A central concern of our recovery work has been the possibility of restoring user data. Data written to /home or /globalscratch on or before February 15, 2014 has the potential to have a copy surviving on tape. We have been able to restore such data using Mahone's tape library. Due to disk space limitations, the process to restore data must be approached in a user-by-user fashion.
We are asking any user requiring recovery of Brasdor data to contact support specifying which file system you want us to recover (/home and/or /globalscratch). Please specify the subject line as "File recovery at Brasdor - your_username". Also, please note that /nqs cannot be recovered.
|
Mahone
- 11:49, June 17, 2014 (ADT)
- The planned outage has begun.
- 07:37, June 17, 2014 (ADT)
Placentia
- The A/C has been fixed. We are back at full capacity.
- 14:50, May 29, 2014 (ADT)
- We received word today from Memorial University Facilities Management that the air conditioning fault in the Placentia machine room continues: "It was discovered subsequent to the compressor replacement that another piece of the chiller has failed... This is another part that has to be ordered in from the mainland and we're not sure where from yet (Dartmouth, Montreal or further afield) so we don't have a time frame." Consequently the return to service will not take place this week.
- 15:18, May 14, 2014 (NDT)
- The problem with an NFS server has been fixed.
- 10:01, April 29, 2014 (ADT)
- There is a problem with one of the NFS servers.
- 09:02, April 29, 2014 (ADT)
- The A/C failed some time over the weekend.

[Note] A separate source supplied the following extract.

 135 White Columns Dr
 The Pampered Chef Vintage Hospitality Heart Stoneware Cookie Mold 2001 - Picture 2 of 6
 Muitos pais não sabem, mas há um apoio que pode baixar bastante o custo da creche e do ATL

We are shutting down all the compute that is closest to the failed A/C: cl001-108.
- 08:02, April 14, 2014 (ADT)
Fundy
- Grid Engine was unavailable briefly around 1:00 pm on July 10 while we backed up the accounting database and reduced its size. This should result in better performance for the 'qacct' command.
- 13:15, July 10, 2014 (ADT)
- 13:11, July 8, 2014 (ADT)
- Fundy is inaccessible in the wake of Tropical Storm Arthur and extensive power outages in the Fredericton area.
- 15:12, July 6, 2014 (ADT)
Glooscap
- A replacement switch equivalent to the original has been installed and Glooscap has been returned to service. Most running jobs were lost during repairs. Please check that any remaining jobs you have in the system are progressing properly.
- 10:03, July 25, 2014 (ADT)
- A spare switch of lower capacity has been swapped in for the failed network switch. Users can log in and access their data, but many compute nodes are inaccessible and so queue capacity will be limited until we can obtain a better replacement. Jobs listed in qstat as "running" may in fact be hung. Users should check for output dated later than 09:30 July 22, and if there is none, consider submitting replacement jobs to other ACEnet clusters.
- 13:44, July 22, 2014 (ADT)
- A network switch has failed, making the head node unusable. We cannot yet estimate time of return-to-service.
- 09:47, July 22, 2014 (ADT)